───── Records to process

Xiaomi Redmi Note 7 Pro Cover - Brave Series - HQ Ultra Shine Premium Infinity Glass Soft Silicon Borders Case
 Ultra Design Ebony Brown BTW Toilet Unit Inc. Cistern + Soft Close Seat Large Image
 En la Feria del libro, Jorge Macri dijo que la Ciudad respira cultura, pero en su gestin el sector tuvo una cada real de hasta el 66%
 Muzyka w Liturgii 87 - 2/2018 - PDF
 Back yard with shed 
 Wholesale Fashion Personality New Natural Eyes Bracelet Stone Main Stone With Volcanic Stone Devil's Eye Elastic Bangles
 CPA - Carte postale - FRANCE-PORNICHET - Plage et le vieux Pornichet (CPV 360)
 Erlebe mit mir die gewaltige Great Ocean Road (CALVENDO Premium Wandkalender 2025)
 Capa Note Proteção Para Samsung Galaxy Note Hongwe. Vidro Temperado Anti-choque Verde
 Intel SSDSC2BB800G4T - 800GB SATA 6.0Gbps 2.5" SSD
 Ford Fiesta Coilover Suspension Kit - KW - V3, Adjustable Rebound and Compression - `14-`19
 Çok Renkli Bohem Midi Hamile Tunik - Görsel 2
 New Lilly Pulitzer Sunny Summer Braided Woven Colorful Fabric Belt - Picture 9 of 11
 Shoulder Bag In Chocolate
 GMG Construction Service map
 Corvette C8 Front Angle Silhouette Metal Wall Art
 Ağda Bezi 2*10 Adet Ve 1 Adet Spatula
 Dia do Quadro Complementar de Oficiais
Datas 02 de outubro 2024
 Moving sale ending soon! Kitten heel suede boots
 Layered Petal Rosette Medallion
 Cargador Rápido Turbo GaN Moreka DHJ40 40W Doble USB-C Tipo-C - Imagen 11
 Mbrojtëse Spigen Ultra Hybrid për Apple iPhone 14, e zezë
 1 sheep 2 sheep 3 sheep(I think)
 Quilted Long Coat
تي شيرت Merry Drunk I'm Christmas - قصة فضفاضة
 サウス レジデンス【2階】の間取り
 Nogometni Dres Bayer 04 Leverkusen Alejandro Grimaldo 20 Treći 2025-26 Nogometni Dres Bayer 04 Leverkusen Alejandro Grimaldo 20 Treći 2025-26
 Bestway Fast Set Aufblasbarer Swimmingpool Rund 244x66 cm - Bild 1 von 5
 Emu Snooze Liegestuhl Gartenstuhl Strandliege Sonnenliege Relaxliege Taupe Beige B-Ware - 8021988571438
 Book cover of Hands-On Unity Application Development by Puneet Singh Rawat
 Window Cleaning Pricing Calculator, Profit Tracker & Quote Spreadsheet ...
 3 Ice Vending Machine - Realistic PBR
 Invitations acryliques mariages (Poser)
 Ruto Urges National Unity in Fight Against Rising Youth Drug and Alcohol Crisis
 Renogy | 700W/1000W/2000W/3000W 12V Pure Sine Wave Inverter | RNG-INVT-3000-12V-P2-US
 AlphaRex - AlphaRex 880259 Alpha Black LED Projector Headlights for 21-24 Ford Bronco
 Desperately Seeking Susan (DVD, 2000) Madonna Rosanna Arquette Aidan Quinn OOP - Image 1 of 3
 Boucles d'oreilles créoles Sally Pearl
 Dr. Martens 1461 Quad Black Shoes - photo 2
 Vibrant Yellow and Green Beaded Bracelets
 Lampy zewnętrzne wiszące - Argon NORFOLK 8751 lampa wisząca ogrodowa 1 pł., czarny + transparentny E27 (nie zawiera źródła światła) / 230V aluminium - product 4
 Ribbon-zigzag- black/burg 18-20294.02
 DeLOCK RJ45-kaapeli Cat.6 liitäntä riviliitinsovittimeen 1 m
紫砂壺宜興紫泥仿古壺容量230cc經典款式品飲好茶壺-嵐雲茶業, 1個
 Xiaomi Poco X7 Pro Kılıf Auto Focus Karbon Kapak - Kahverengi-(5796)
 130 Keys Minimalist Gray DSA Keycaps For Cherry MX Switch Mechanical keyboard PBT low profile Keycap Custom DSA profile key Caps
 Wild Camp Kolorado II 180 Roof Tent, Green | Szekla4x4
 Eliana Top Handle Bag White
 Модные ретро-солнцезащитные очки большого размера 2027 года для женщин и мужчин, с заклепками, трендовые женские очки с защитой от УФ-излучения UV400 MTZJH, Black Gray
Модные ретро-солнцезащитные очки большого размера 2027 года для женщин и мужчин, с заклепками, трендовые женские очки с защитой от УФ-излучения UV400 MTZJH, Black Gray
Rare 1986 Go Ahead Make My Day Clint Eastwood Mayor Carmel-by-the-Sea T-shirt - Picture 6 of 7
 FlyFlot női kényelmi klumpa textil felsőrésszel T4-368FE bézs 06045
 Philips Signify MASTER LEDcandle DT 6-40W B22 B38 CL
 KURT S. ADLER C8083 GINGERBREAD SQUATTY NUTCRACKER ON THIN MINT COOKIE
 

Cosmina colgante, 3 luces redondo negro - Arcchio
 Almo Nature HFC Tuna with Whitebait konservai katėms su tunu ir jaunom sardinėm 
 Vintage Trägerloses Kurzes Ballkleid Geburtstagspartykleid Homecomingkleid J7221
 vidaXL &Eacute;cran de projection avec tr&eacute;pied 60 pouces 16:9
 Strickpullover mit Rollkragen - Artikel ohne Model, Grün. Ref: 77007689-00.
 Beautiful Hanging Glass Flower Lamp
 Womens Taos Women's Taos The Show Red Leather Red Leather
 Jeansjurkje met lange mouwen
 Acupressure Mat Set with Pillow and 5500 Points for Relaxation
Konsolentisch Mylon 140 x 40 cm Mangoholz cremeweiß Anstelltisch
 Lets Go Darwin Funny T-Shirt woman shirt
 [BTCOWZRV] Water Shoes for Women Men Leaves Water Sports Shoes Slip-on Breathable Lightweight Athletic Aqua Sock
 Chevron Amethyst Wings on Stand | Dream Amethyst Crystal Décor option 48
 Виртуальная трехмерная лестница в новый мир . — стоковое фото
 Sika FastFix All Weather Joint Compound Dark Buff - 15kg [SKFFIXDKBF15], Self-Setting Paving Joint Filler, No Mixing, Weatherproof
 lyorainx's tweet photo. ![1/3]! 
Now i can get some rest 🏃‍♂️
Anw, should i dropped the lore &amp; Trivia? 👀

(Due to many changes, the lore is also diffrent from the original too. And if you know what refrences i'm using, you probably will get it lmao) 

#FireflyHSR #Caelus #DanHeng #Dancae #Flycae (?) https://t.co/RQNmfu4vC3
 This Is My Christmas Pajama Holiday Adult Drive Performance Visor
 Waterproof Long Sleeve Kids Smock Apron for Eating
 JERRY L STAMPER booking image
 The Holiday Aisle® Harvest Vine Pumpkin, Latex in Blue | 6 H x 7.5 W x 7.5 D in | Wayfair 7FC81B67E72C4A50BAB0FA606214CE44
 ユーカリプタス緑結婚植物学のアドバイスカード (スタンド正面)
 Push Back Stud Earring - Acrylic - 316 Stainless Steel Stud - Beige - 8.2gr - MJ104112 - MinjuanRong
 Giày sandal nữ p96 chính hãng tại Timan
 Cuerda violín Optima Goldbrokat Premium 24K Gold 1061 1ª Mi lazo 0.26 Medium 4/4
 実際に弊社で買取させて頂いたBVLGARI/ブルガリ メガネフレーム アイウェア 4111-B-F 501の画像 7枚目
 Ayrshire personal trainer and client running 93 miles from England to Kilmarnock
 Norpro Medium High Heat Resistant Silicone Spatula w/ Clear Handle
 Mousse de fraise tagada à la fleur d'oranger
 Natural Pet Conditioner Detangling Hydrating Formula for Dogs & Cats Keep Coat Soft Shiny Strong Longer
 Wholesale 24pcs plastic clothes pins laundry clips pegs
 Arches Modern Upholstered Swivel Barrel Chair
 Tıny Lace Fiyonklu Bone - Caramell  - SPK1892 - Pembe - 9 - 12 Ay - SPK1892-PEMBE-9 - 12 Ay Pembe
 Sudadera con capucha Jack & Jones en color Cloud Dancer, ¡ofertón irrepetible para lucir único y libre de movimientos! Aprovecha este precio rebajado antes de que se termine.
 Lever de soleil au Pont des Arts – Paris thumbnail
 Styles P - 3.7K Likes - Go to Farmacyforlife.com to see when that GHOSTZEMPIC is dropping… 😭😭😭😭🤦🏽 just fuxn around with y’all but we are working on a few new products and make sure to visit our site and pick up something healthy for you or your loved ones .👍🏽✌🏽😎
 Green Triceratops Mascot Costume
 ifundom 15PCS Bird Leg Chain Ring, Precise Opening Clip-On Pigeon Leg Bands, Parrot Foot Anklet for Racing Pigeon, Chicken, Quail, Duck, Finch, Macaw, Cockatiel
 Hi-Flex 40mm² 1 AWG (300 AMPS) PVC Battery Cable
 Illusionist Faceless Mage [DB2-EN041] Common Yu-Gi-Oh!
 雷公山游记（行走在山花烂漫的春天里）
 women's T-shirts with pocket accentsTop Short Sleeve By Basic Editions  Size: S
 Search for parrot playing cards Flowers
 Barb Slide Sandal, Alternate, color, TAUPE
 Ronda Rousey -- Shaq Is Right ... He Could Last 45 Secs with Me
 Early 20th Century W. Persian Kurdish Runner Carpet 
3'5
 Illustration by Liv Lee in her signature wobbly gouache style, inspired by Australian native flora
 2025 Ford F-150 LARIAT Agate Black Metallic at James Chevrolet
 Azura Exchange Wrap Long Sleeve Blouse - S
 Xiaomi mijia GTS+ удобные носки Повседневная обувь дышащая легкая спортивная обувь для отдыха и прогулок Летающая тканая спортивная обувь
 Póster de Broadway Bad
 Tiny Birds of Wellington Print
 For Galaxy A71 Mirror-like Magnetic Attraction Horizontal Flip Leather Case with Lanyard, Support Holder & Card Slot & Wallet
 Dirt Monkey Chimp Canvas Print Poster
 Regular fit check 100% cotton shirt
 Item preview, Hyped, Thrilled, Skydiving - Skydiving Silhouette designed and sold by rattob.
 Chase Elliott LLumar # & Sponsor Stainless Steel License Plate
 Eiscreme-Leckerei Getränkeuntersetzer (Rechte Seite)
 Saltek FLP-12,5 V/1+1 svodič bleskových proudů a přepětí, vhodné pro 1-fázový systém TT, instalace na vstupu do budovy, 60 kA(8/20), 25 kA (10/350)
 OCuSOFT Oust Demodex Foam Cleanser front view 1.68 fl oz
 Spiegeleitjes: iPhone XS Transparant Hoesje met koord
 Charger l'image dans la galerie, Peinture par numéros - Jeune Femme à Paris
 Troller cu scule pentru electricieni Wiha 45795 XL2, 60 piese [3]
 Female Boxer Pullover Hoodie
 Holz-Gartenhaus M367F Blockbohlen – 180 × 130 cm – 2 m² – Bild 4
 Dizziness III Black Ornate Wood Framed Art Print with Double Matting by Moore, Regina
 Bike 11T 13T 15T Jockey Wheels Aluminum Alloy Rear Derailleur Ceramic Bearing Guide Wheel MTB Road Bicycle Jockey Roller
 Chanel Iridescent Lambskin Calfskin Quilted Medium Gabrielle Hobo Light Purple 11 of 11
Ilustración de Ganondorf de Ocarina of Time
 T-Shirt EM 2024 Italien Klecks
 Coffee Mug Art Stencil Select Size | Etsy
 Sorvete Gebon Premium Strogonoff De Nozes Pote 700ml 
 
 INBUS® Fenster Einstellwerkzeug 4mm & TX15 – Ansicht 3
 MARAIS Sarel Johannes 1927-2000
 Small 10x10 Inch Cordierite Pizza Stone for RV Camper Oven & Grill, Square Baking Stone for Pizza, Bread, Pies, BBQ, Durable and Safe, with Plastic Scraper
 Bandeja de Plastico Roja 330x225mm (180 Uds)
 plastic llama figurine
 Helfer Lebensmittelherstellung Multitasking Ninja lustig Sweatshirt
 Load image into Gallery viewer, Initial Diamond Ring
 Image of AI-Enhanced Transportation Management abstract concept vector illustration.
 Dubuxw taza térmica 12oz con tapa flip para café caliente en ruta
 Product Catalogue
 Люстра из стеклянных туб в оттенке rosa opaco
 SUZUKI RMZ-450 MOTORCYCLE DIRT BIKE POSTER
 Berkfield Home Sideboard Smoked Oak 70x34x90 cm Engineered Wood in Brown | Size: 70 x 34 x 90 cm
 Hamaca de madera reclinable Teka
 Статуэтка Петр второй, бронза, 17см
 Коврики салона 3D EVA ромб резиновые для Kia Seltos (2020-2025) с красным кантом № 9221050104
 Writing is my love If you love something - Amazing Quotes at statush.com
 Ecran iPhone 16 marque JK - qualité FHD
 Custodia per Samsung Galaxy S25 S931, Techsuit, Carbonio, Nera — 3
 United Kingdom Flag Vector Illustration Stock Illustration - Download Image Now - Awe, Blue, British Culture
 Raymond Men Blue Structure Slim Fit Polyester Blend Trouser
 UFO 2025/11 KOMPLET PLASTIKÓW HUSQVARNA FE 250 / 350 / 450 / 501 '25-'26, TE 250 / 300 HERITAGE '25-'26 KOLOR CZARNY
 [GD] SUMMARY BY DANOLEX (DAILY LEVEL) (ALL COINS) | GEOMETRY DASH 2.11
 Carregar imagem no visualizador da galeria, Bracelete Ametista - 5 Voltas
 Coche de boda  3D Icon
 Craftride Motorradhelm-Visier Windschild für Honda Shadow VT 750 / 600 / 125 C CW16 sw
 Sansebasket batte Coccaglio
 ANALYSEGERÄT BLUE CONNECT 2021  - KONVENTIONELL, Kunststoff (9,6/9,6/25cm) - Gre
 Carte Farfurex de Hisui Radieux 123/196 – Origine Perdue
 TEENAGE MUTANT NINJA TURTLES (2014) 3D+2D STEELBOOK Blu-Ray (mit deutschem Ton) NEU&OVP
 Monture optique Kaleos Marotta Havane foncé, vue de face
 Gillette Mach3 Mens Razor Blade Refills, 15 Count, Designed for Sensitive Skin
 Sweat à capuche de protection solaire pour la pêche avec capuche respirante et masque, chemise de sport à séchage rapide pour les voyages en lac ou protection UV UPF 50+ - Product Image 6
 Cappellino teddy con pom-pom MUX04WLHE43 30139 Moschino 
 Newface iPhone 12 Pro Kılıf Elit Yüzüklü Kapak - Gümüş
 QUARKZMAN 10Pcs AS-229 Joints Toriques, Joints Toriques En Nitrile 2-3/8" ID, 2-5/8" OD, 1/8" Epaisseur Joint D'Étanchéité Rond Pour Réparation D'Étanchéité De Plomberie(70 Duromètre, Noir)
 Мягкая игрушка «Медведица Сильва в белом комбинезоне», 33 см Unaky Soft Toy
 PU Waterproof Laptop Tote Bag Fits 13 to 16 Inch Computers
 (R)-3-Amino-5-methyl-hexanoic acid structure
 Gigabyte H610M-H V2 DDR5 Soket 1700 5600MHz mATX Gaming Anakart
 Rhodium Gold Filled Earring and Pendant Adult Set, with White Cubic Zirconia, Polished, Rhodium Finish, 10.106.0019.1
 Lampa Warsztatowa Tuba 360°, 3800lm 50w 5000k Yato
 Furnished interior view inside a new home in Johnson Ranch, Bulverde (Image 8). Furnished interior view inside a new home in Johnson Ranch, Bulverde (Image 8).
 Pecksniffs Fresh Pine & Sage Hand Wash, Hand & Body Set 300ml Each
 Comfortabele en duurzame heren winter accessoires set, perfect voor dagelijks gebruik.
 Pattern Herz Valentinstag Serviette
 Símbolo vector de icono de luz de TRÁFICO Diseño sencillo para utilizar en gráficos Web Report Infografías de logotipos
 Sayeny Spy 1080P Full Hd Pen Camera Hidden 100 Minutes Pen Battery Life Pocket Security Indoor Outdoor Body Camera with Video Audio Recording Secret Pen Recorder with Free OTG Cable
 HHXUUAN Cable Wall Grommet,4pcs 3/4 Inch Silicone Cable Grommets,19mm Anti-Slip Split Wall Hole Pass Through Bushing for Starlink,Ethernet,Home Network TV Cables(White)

──────────

#### What to produce:
In the listing above, find the line with "2025 Ford F-150" and the line with "Regular fit check 100% cotton shirt", then print exactly those lines and every line between them.

#### Result below:
 2025 Ford F-150 LARIAT Agate Black Metallic at James Chevrolet
 Azura Exchange Wrap Long Sleeve Blouse - S
 Xiaomi mijia GTS+ удобные носки Повседневная обувь дышащая легкая спортивная обувь для отдыха и прогулок Летающая тканая спортивная обувь
 Póster de Broadway Bad
 Tiny Birds of Wellington Print
 For Galaxy A71 Mirror-like Magnetic Attraction Horizontal Flip Leather Case with Lanyard, Support Holder & Card Slot & Wallet
 Dirt Monkey Chimp Canvas Print Poster
 Regular fit check 100% cotton shirt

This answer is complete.